__What this task involves__.
Give the listing again, word for word.

__Dataset section__.
-=-=-

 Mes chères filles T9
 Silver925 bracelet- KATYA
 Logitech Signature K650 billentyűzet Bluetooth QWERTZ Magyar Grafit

-=-=-

__Written reply__.
 Mes chères filles T9
 Silver925 bracelet- KATYA
 Logitech Signature K650 billentyűzet Bluetooth QWERTZ Magyar Grafit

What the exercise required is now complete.